A35 is the newest 64-bit core in the ARM lineup

Techcon 2015: A5 and A7 are now 32-bit dinosaurs that sell by the billions

ARM logoNot content to release only a new architecture, ARM is also announcing a new core called the Cortex A35. This new low-end mobile CPU is the 64-bit replacement for the mass-market A5 and A7s.

As the name suggests, the Cortex-A35 sits beside the A5 and A7 cores and below the A53/A57 high-end pairing. I know it makes no sense but there are some numbers in common between the lines, and the A part is consistent, that is enough, right? In any case this is the core, formerly code-named Mercury, that will bring 64-bits to the mass market.
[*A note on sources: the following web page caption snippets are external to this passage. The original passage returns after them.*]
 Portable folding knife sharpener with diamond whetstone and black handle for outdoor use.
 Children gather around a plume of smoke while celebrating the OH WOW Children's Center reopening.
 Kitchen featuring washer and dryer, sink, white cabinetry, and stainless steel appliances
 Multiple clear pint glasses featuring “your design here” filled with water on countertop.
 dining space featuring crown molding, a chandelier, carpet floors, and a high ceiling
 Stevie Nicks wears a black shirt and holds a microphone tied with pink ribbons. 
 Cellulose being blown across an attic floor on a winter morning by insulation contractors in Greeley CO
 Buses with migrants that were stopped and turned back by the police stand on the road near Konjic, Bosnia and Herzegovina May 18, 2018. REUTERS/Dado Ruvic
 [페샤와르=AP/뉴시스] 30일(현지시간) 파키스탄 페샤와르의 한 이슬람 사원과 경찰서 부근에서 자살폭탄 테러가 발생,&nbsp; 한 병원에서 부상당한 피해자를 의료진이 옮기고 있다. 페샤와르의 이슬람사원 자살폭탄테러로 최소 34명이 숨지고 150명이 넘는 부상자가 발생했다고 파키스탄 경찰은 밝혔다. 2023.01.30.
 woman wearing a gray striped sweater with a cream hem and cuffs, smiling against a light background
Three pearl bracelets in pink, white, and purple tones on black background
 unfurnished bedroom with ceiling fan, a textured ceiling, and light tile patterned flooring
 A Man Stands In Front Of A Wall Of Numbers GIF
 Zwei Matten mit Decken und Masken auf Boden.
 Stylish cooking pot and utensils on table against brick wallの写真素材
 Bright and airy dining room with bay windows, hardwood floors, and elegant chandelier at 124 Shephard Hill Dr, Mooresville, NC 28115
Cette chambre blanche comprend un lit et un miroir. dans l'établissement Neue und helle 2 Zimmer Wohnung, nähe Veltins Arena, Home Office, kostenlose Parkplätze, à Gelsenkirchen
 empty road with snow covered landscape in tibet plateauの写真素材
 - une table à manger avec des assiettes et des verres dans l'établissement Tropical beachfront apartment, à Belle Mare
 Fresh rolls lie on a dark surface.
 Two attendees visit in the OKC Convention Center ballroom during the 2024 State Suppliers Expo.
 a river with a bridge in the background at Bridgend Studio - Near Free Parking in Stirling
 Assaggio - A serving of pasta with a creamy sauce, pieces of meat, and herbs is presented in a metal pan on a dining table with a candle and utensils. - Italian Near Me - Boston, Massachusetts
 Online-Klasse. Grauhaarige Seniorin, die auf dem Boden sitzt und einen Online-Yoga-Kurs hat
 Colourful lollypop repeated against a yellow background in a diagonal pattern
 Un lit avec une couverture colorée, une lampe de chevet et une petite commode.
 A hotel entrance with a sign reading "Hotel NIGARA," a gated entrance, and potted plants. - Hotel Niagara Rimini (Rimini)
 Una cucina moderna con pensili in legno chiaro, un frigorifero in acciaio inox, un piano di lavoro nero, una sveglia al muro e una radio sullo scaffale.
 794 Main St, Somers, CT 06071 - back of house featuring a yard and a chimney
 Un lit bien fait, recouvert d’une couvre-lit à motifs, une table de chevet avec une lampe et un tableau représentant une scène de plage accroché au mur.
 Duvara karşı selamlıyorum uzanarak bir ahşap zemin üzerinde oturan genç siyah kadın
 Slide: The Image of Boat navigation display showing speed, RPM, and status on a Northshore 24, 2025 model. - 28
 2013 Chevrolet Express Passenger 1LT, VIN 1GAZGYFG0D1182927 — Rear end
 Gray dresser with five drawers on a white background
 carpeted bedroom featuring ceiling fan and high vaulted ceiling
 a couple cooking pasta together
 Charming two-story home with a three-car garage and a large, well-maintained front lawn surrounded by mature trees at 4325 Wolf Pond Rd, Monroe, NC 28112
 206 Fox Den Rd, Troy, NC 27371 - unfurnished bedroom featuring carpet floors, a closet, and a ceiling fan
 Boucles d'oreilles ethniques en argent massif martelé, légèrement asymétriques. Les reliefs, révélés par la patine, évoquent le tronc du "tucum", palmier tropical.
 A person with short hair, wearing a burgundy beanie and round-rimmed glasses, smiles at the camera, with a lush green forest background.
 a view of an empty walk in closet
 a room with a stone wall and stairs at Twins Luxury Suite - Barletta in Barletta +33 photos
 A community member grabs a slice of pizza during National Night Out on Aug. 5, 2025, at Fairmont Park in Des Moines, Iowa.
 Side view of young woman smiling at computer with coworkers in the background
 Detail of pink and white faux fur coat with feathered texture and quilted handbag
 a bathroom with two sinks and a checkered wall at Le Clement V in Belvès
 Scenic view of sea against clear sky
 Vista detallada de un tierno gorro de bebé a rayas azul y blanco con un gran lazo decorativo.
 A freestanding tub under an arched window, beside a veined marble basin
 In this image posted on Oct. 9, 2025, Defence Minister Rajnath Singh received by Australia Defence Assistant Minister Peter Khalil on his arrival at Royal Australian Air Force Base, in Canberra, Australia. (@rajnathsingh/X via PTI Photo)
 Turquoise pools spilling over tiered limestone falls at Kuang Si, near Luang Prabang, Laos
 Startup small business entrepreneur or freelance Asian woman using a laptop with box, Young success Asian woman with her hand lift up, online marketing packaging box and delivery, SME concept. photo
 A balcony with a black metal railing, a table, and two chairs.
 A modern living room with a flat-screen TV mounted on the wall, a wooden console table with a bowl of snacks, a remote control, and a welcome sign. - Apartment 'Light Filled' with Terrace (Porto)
The ARM roadmap through current

The roadmap looking back

If you look at sales numbers, the two cores that the A35 replaces are a huge percentage of the market making up ~600M of the 1.4B phones sold in 2014 according to ARM’s figures. Since the A5/7 cores are 32-bit only, this meant enough of the market is not 64-bit capable to cause headache for devs and OS vendors. Google doesn’t want to be in the same situation as Microsoft so the faster this transition happens, the better for everyone.

ARM is claiming there will be silicon in 2016 and if their usual cadence is kept, that means pre-release silicon at MWC in February or March. Expect customer silicon later that year, the speed at which it hits the shelves depends on the who the lead partner is more than anything else. That said they should be all over the place by holiday 2016, the time between core releases to partners and consumer products has been shrinking of late.

So what is the new A35 other than 64-bit and lower end? ARM starts out with a claim of lower power, and it is an interesting one. Instead of quoting things in the normal way, IE ~20% better than its predecessor A7 at 32-bit workloads, they took an unusual path. First ARM redid the A7 with the latest tools and PDKs on the same 28nm process as the first A7, they call this the A7 re-baselined.

That core was ~10% more efficient but will never be released as a product, it is something any partner can do on their own, there are no RTL changes. The new A35 on the same 28nm process and running the same workload is a further 10% more efficient than the A7r2 or 19% better than the A7r1. We will round it to about 20% for the sake of argument, until we can compare core revisions without SoCs we have to take their word for it anyway.

In comparison to the A53, the next step up the food chain at the moment, the A35 is a claimed 25% smaller, uses 32% less power, and is 25% more efficient, all numbers we find plausible for a 2+ year newer core. Please do note that ARM does not claim it is smaller than the A7 much less the A5, just that it is much more capable and more efficient. Size is more than enough to keep the A5/7 alive in many cutthroat markets but the feature uplift should mean a swift uptake in most consumer mobile devices. So what does A35 bring to the table? Quite a bit.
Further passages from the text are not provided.